Before ever tying a horse in the first place, a horse should understand pressure and how to respond to it; they need to be taught to move off of pressure. This can be done through the Parelli Porcupine Game (one of the 7 games), where the horse is asked to move off of fingertip pressure that is applied in various phases (touch hair, touch skin, touch muscle, touch "bone"), in various areas of the body (nose, chest, elbow/nose, hindquarter). The goal is for the horse to respond lightly - for us to be able to eventually only apply Phase 1 - touch hair, and have the horse respond to that feather-light touch. I also will throw ropes into the equation. Once the horse is comfortable with ropes all around her, I will ask her to solve puzzles: I'll wrap a 12' lead around her body, walking to her opposite side and by her head with the rope looped around behind her and apply pressure, asking her to follow the feel and turn 360 degrees to once again face me. If she's comfortable with that I'll even wrap her up twice in a 22' rope. Also, I'll toss the rope around legs, apply pressure, and ask her to release (nose and leg relax and give to the pressure). If they're comfortable with thinking through situations, solving puzzles, and releasing to pressure, they have all the tools to then tie. This way if they accidentally step on their lead, rather than exploding, they think the situation through and stand calmly or even remove their foot from the lead. When they're tied and something spooks them, they might flee backwards but as they feel the pressure, they'll give and relax, coming forward. The horse that pulls back in a non-reactive, thinking manner needs us to earn a higher level of respect; a level that encompasses her learning to stay where we ask until we ask otherwise and that also encompasses us earning a sufficient level of respect where she can respect and respond to pressure. Teaching her to release to pressure in the first place is also important for this type of horse. Another method of teaching this horse to stand where we ask is to make the wrong thing hard and the right thing easy: when not tied, she works, when tied, she is permitted to relax. Lastly, both horses need to have trust in their herd leader's (us) leadership and to be developed into a calmer, smarter, braver horse.

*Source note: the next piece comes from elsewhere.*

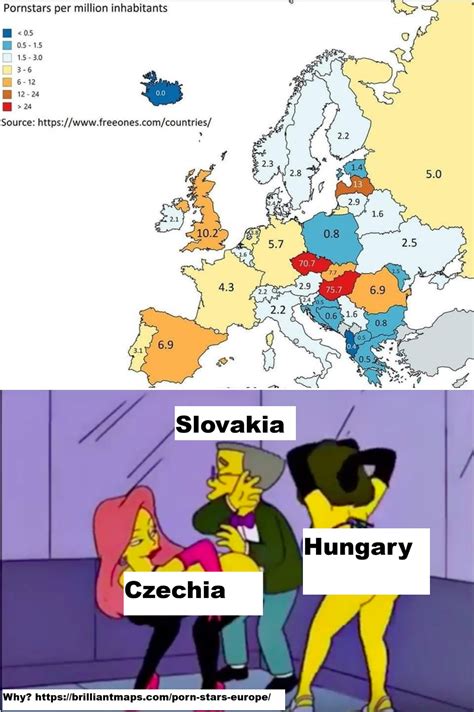 Porn Stars Per Million People In Europe - Brilliant Maps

While tying can teach a horse lots in regards to patience and releasing to pressure, there are also points in time where tying is not the best option, such as when a horse is not yet emotionally and mentally balanced. I've learned not to always tie my undeveloped horses - doing so only causes their stress levels to increase and for them to be more reactive, which in turn makes it more difficult for them to get their heads back into the game and become my partner afterward. Furthermore, when you tie them and it increases anxiety levels (ie, the horse does not eventually relax but becomes increasingly anxious), you run the risk of further cementing that response (anxiety when tied) as a habit. So essentially, there is a time to tie and a time not to tie. The time not to tie is when it causes the horse to become more hyped up emotionally, when it causes more harm than good. When they're standing pawing, weaving, bobbing their heads, and generally expressing anxiety, it's probably not the best time to tie them. You're setting them up for another session of anxiety, bad feelings associated with being tied, and a potential disaster when they eventually pull back. They're not in the right place emotionally and thus further restricting their feet is only going to create anxiety as their feeling of being trapped increases. Instead, work on developing them - creating that calmer, smarter, braver partner so that they're not anxious when restricted. Create a calmer brain and the feet will be quieter - otherwise the brain is anxious, causing the feet to move in a flight pattern, which in turn creates a higher level of anxiety in the brain...and so the vicious circle continues. I find that once a horse is at least somewhat developed, or balanced mentally and emotionally, that tying is no longer an issue. In fact, by that time, they're ground-tying, they're not needing to move their feet in flight! If they're ground-tying, tying to a post later is no problem. The time to tie is when the horse is sufficiently prepared (ie, releases to pressure, etc) and when it causes greater benefit than harm - ie, the horse who calms after perhaps some initial anxious moments or the horse who benefits from learning some patience.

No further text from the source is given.